_PROBLEM_: Write out exactly the lines of the entries below from the one holding "Custom Angel white" to the one holding "Силиконовый (TPU) чехол", inclusive, and leave out all other lines.

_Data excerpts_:
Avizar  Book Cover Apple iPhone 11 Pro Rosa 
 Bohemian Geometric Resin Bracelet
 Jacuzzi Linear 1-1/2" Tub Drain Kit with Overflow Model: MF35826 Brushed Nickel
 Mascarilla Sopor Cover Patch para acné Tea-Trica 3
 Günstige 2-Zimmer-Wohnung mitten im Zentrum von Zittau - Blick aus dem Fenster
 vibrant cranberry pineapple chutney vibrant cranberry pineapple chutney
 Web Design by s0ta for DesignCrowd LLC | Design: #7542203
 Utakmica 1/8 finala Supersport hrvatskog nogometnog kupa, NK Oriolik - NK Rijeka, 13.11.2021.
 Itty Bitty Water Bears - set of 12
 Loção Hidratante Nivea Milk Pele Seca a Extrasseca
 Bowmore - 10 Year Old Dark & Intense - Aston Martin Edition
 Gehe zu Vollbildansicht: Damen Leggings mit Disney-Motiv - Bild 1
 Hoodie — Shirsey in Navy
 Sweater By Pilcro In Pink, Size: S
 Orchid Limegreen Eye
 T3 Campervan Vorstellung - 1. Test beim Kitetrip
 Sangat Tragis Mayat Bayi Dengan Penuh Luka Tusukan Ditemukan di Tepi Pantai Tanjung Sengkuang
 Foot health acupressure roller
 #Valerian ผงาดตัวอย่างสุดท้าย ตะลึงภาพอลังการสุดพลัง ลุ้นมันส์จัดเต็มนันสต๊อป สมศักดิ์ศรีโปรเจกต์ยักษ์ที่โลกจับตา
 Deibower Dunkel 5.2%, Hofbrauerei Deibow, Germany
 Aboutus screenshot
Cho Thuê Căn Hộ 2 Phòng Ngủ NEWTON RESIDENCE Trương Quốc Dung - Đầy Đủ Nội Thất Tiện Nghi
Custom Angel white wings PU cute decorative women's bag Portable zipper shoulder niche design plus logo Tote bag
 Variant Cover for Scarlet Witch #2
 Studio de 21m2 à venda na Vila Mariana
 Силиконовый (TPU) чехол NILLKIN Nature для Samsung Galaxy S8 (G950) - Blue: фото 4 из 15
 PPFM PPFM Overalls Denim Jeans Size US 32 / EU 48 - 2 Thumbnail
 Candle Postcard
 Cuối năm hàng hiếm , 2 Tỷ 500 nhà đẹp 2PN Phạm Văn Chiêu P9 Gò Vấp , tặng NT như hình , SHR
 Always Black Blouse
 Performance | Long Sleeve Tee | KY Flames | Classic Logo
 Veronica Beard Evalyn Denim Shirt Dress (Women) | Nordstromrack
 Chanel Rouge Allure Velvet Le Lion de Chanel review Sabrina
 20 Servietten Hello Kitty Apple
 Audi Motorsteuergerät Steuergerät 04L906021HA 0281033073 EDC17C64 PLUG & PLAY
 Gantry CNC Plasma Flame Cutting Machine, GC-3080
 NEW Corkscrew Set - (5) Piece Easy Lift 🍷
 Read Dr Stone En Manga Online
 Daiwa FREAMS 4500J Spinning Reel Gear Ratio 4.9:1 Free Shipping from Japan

_WRITTEN SOLUTION_:
Custom Angel white wings PU cute decorative women's bag Portable zipper shoulder niche design plus logo Tote bag
 Variant Cover for Scarlet Witch #2
 Studio de 21m2 à venda na Vila Mariana
 Силиконовый (TPU) чехол NILLKIN Nature для Samsung Galaxy S8 (G950) - Blue: фото 4 из 15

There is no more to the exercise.